• [AVAILABLE DATA]
---
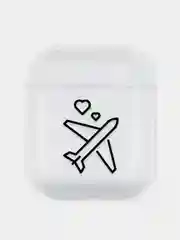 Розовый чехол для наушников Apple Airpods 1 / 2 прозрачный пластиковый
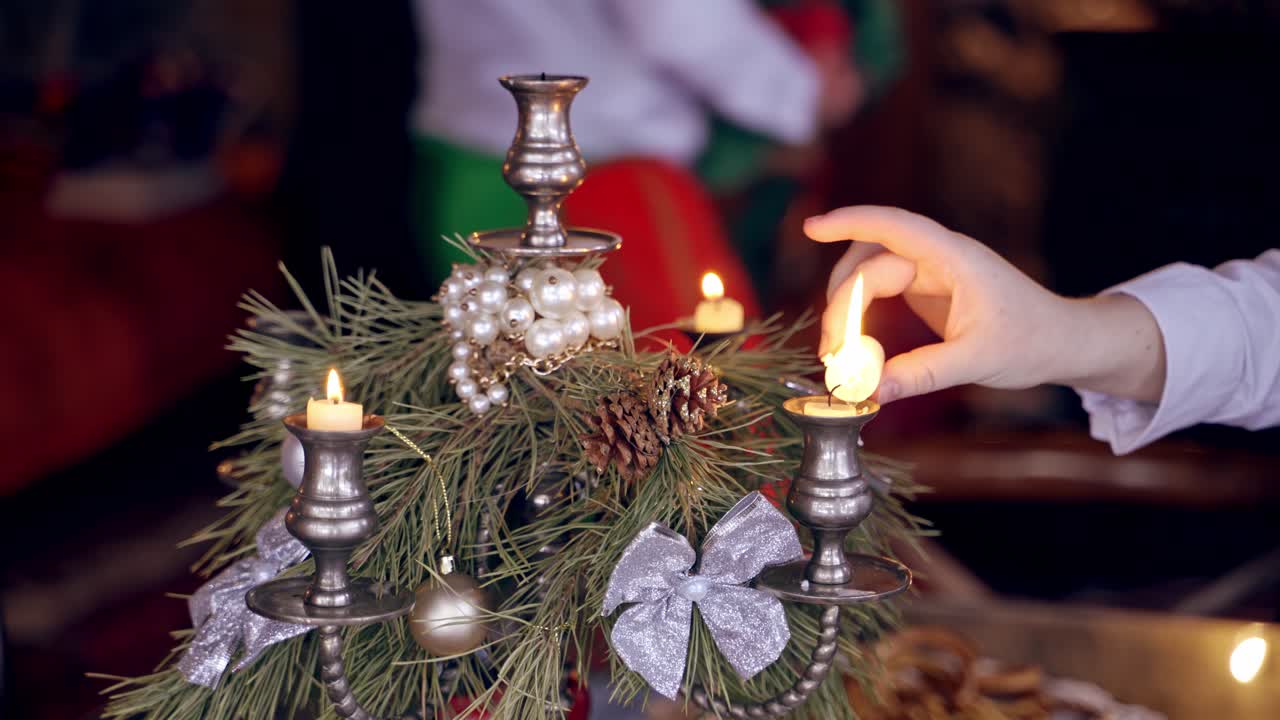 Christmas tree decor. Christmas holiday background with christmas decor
---
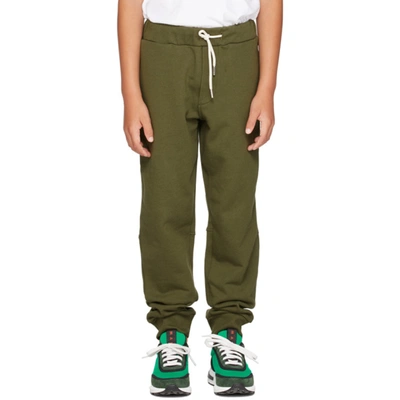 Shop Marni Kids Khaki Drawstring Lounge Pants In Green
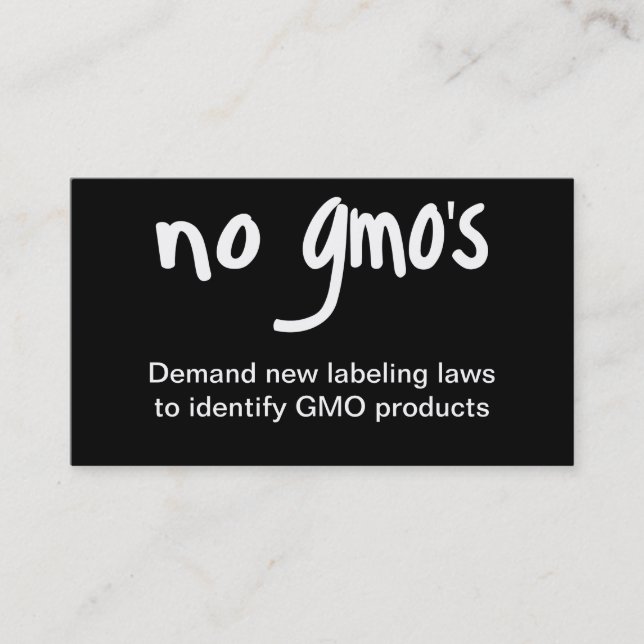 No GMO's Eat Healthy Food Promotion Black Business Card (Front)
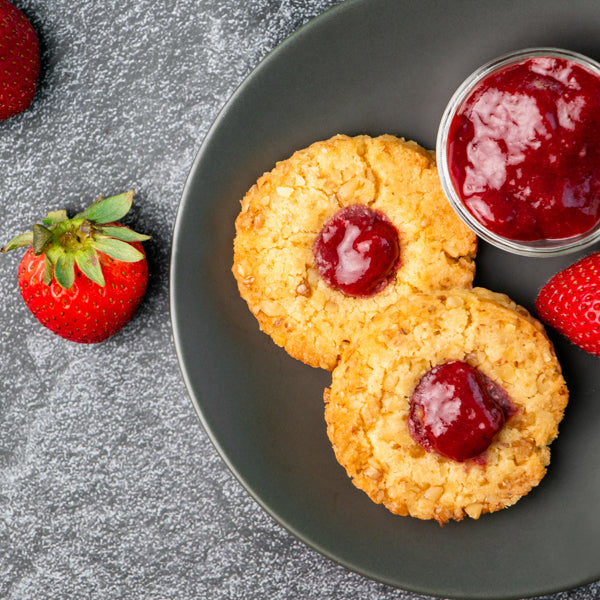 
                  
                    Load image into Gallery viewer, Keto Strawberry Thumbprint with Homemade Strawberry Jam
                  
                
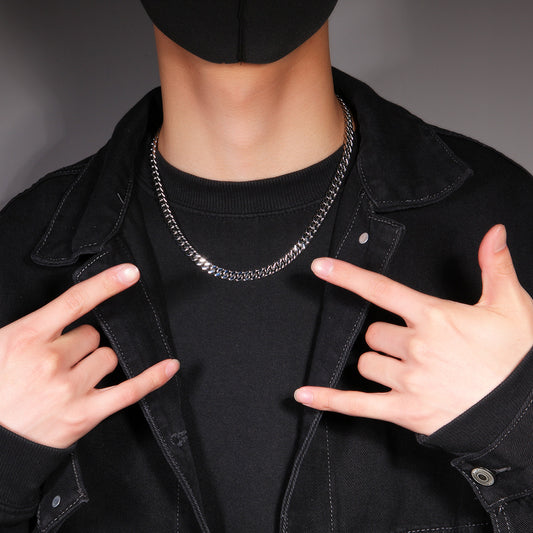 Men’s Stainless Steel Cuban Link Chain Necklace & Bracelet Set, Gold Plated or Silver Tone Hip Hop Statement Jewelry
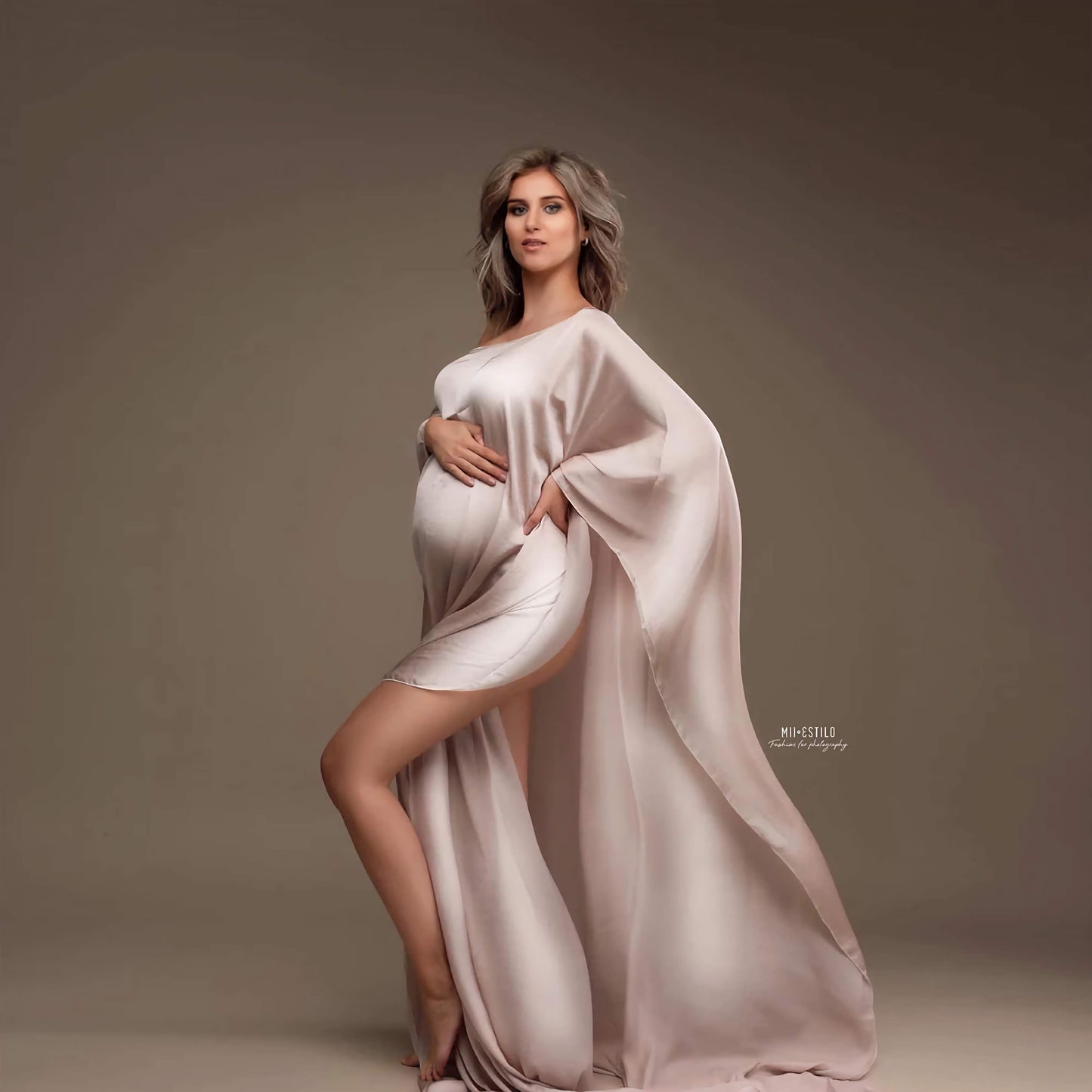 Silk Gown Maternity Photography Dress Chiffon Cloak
---
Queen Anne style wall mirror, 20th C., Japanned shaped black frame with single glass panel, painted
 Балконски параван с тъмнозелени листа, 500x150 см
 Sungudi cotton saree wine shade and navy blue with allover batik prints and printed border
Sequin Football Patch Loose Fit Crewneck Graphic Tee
---
• [EXERCISE DIRECTIONS] Output exactly the lines of the material above from the one containing "Queen Anne style" up to and including the one containing "Sequin Football Patch".

• [RESULT]
Queen Anne style wall mirror, 20th C., Japanned shaped black frame with single glass panel, painted
 Балконски параван с тъмнозелени листа, 500x150 см
 Sungudi cotton saree wine shade and navy blue with allover batik prints and printed border
Sequin Football Patch Loose Fit Crewneck Graphic Tee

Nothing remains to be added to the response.